Chris Brady of Teres told me of a way to improve cueing even more by re-shaping the cueing support. Moving the cueing support point farther from the pivot improves its mechanical advantage and makes the cueing height and speed adjustments less touchy. This mod is easier than it sounds and requires only a length of coat hanger (!), but I don’t have pix and haven’t yet done it myself.

4. Changing the cueing height affects the point where anti-skate kicks in. (Yes, it's weird.) Once cueing height is satisfactory, adjust the short pin that sticks out of the front of the cueing frame. That pin controls where the anti-skate dogleg first engages the knot on the string.

5. The Tri-Planar comes with three counterweight donuts of differing masses. Many cartridges can be balanced using either of two. The arm usually tracks best with the heaviest donut that will work, mounted closer to the pivot. Of course this also reduces effective mass, which may or may not be sonically desirable depending on the cartridge. It also leaves more room for Tip #6.

6. For fine VTF adjustments don’t futz with the counterweight, there’s an easier way. Set the counterweight for the highest VTF you think you’ll need (ie, close to the pivot). Pick up some 1/4" I.D. O-rings from Home Depot. To reduce VTF a bit just slip an O-ring or two on the end stub. Thin O-rings reduce VTF by .01-.02g, thick ones by .04-.05g. Quick, cheap, effective. (For safety, always lock the arm down while adding or removing O-rings.)

7. When adjusting VTA, always bring the pointer to the setting you want by turning it counter-clockwise at least ¼ of a turn. This brings the arm UP to the spot you've selected, which takes up the slop in the threads. You can easily feel this happening.

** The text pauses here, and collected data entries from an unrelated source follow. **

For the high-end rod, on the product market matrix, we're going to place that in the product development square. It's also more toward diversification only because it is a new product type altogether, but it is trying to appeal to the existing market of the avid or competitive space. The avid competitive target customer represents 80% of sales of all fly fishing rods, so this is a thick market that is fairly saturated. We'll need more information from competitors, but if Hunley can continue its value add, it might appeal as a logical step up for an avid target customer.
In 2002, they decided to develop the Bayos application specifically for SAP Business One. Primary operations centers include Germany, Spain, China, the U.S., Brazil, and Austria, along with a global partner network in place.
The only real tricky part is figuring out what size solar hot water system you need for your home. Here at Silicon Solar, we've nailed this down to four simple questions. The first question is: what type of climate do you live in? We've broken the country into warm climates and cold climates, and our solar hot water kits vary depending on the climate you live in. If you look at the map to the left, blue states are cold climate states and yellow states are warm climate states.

Hope someone finds these useful. If you know any more, please bring ‘em on!
dougdeacon
You get red or basic black. No color coordination options at present. :-)

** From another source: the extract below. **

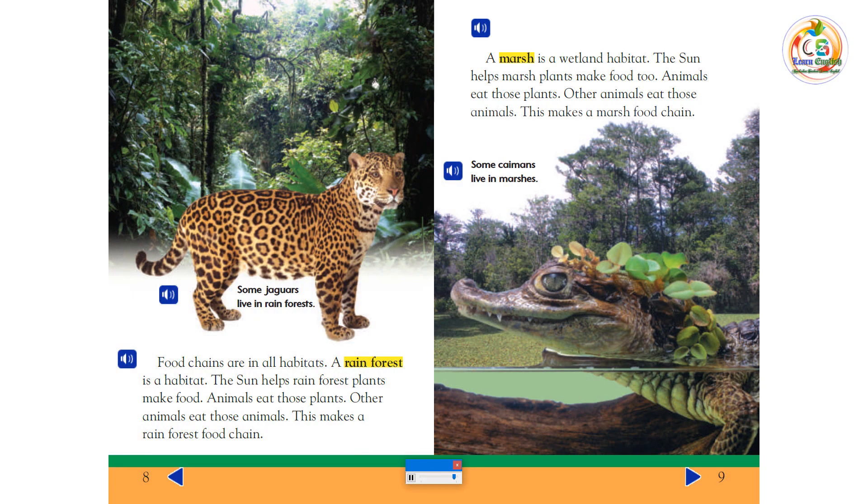Some jaguars live in rain forests. Food chains are in all habitats. A rain forest is a habitat. The sun helps rain forest plants make food. Animals eat those plants. Other animals eat those animals. This makes a rain forest food chain.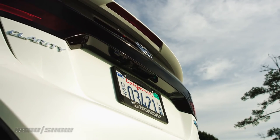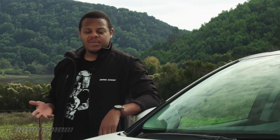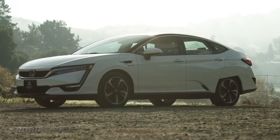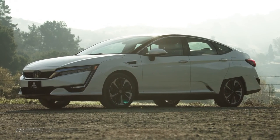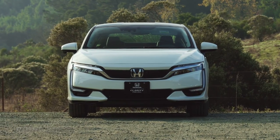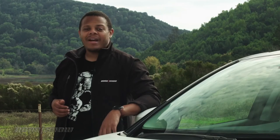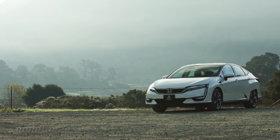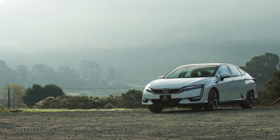In hydrogen's favor, Honda is working with the federal government to establish a network of hydrogen filling stations on the East Coast to expand the Clarity's reach. But even Honda is hedging its bets — the Clarity fuel cell is just the first of three Clarity vehicles. It'll be joined next year by a battery electric version and a plug-in gasoline-electric hybrid.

It is certainly safer to remove the cart and arm from the table, no argument about that. :-)

The trick is to use medium-high heat, aim the gun over the headshell towards the end of the finger lift so the hot air is blowing away from the cart. Takes less than 2 seconds. The finger lift and headshell never even warm to the touch. But, everyone should assess their own tools, aptitudes and risk tolerances.

I completely agree with regards to the AS, it does depend on several parameters. I guess if I keep going back and forth I should conclude that AS isn't needed in my setup.
Hi Dan,

This is Mike with the Edgarhorns.

I tried the heat shrink(black) on the finger lift a while back and did experience minor improvements; this prompt me to remove the finger lift all together. After readjusting the VTA/VTF to compensate the removal, I hear more of the same improvements.

Another thing I did to tidy up the sound is by organizing the loose cartridge wires. I trim the wires as short as "allowable" and twist them together in a bundle(not too tight). Then I use a dab of rubber cement and spot-bond the bundle to back end of the headshell for stabilization.
Hi Mike! Nice to hear from a fellow edgarhorn-er. ;-)

Thanks for that bit of verification. I fell back to the shrink wrap after deciding not to try to force the tiny screws, and more importantly for me, did not want to give up the finger lift.

Nice tip on the wires. It makes good sense to address the leads.
I tried braiding my leads together and got a hum. Separating them as widely as possible eliminated it.
I was wondering if that might happen with the wires twisted together. Did you braid them all together or in +/- pairs? To my mind this tweak is more for mechanical damping. Maybe just a loose twist of all four to keep them together and make a stiffer bundle to eliminate vibrations?

I do have some very small tie wraps. A few more tenths of a gram down by the headshell. ;-) Maybe the heavier XV-1s would like that.